Je ne suis ni membre l’UDPS ni son porte-parole. Je vais donc donner un point de vue personnel. Je trouve ces accusations injustes et exagérés. D’abord, I’UDPS n’est pas le seul parti qui traverse une crise. Il y a également le MLC, le MSR, l’ARC, l’UNC et j’en passe…Au sein de la Majorité présidentielle, beaucoup de partis politiques ont claqué la porte et DIEU seul sait combien vont encore tourner le dos. Les conflits internes ne sont donc pas propres à l’UDPS. Mais quoi qu’il en soit, l’UDPS reste le principal parti de l’opposition. Pour ce qui est du tribalisme, à ma connaissance le Secrétaire général de l’UDPS, Bruno Mavungu n’est pas du Kasai, la Province d’origine du Président National de l’UDPS. Concernant la passation de pouvoir de père en fils, c’est injuste de vouloir empêcher à un citoyen d’avoir de l’ambition parce qu’il est fils d’un leader politique. Tenez aux États-Unis, on a eu BUSH père et fils; et bientôt (probablement) Clinton mari et femme. En Argentine, il y a eu également en Belgique MICHEL père et fils…et bien d’autres exemples. A mon avis, chaque citoyen du monde a le droit d’avoir et d’exprimer ses ambitions politiques – qu’il soit fils d’un leader politique ou pas- et se battre pour les réaliser. Ce qui est condamnable, c’est lorsqu’on veut transférer le pouvoir à un parent sans respecter les normes démocratiques et sans passer par les urnes.

Beaucoup de gens réclament l’avènement d’une nouvelle classe politique. Certains n’hésitent pas à vous  citer comme une des figures de cette nouvelle vague. Et vous-même ?

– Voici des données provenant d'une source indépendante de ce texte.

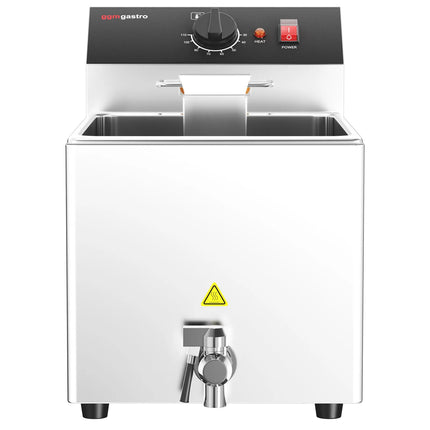 GGM Gastro Commercial Electric Pasta Cooker - Single Tank - Countertop - 8L - 3.25kW - with Drain Tap - with 4 Baskets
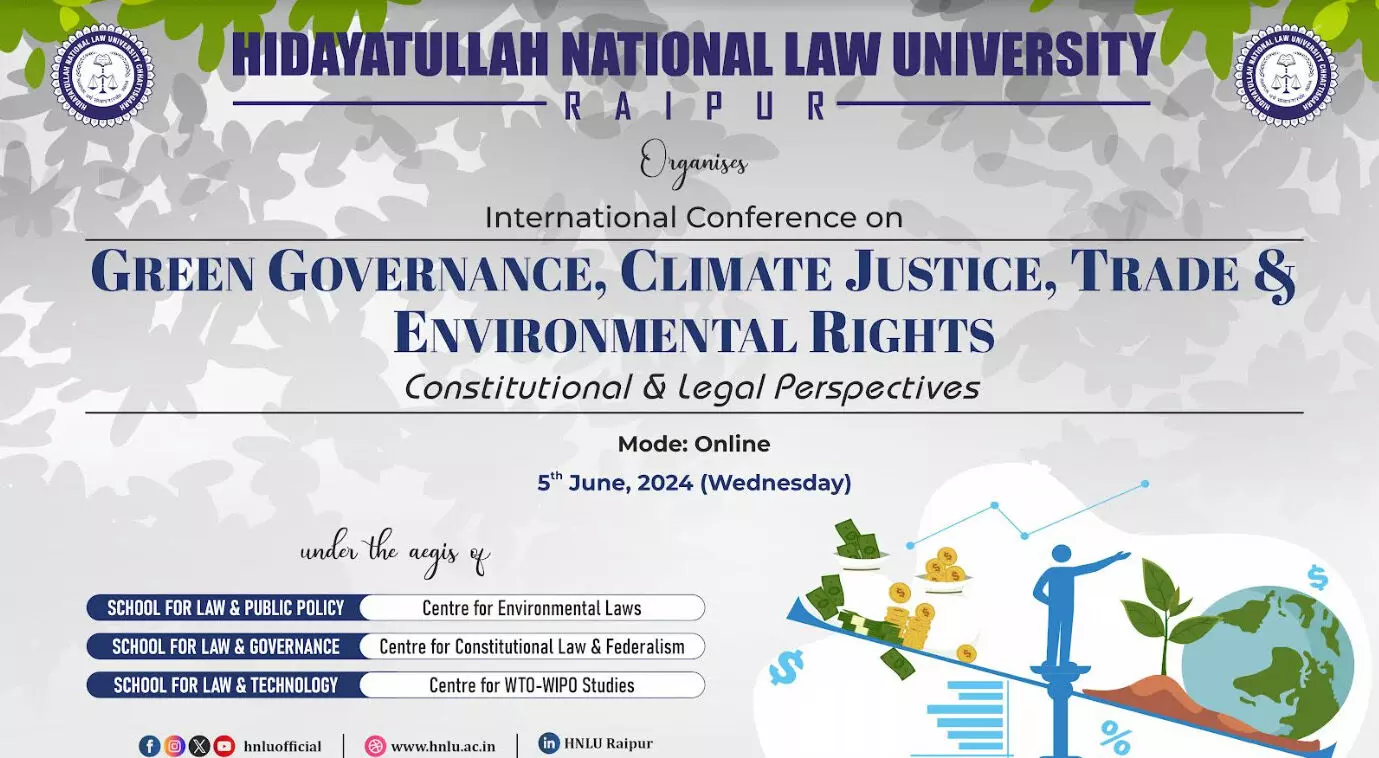 HNLU में 5 जून को विश्व पर्यावरण दिवस पर होगा अंतर्राष्ट्रीय सम्मेलन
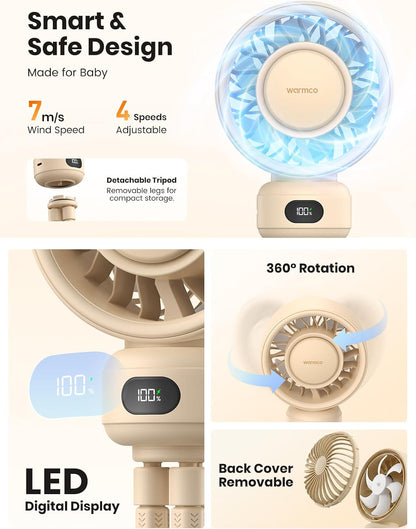 Warmco Portable Stroller Fan, 4000mAh Rechargeable Clip On Fan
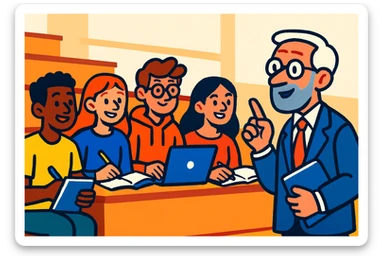 group of 4 students with notebook and laptop, listening to a professor, university atmosphere, colorful cartoon style, light background sticker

Je pense aussi qu’il faudrait renouveler la classe politique congolaise. Mais celle-ci ne va se renouveler que s’il y a beaucoup de jeunes qui s’engagent en politique avec la détermination de changer les choses. La liberté comme le pouvoir s’arrachent; on ne nous les offrira sur un plateau en or. OUI, je suis flattée de faire partie de cette nouvelle classe politique même si à 42 ans, je ne suis plus trop jeune.

Il n’y a pas non plus beaucoup de femmes chefs de partis politiques.  Est-ce que c’est facile ?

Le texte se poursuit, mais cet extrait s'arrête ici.